AWS Partner Network (APN) Blog
How to Use AWS Transfer Family to Replace and Scale SFTP Servers
By Roger Simon, AWS Offering Solution Architect at DXC Technology
By Pierre Merle, Partner Solutions Architect at AWS
DXC Technology |
At DXC Technology, many clients are seen moving on-premises workloads to Amazon Web Services (AWS). However, some critical workloads may need to stay on-premises, leading to a hybrid architecture.
In the financial services domain, it’s a common architecture pattern to find shared services file servers that act as SFTP file server or FTP server.
Because these financial applications are not always API driven, data exchange using flat files remains the standard way to share information between applications, even when some of them have been migrated to AWS. While these shared services are not part of the customer’s core applications, they must be migrated with the same level of service.
The core application in this use case generates orders that need to be processed by various applications. If the data exchange process fails, this can lead to major issues for the business, such as delaying a launch or go-live date. It may also affect a customer’s overall migration success.
In this post, we will discuss how DXC addressed migrating this type of server using AWS services like AWS Transfer Family, Amazon Simple Storage Service (Amazon S3), and Amazon Elastic File System (Amazon EFS). We’ll also provide a step-by-step explanation of the proposed solution.
DXC Technology is an AWS Premier Tier Services Partner and AWS Managed Cloud Service Provider (MSP) that helps clients harness the power of innovation.

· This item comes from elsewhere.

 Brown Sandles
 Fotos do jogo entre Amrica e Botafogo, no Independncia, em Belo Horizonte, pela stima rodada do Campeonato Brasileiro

DXC has AWS Competencies in Migration, SAP, and Internet of Things (IoT), and is a member of the AWS Well-Architected Partner Program.
Challenges
To perform a migration of this type, the usual approach is to “lift and shift” the existing solution on-premises, using a commodity server like an Amazon Elastic Compute Cloud (Amazon EC2) general purpose T2 or T3 instance with a virtualized SFTP server.
This is what initially happened in the customer’s case, and discussing expected requirements with them uncovered a few additional challenges.
The overall solution the customer wanted needed to address:
- Support critical business operations: The solution needs to be highly available and scalable, as exchange with other applications or third parties can be critical in the overall availability of the services. A standalone T2/T3 instance inside one AWS Availability Zone (AZs) would not be able to address that.
- Support of new services: Current exchange protocols are in SFTP/FTP, but clients want to offer services with new types of protocols based on HTTP(S) to increase their security. On the T2/T3 instance, it will require installation of new software that needs to be patched and maintained to comply with security best practices.
- Automation of tasks: Clients are aware automations can be easily performed in the cloud, particularly on AWS, and they would like to have some automation happening when there is a new file coming. This could include copying files to an Amazon EFS share file for old applications that can’t process directly files from S3.
Solution Overview
The solution DXC deployed primarily uses AWS Transfer Family, a fully managed AWS service you can use to transfer files into and out of storage or file systems over the following protocols:
- Secure Shell (SSH) File Transfer Protocol (SFTP) – (AWS Transfer for SFTP)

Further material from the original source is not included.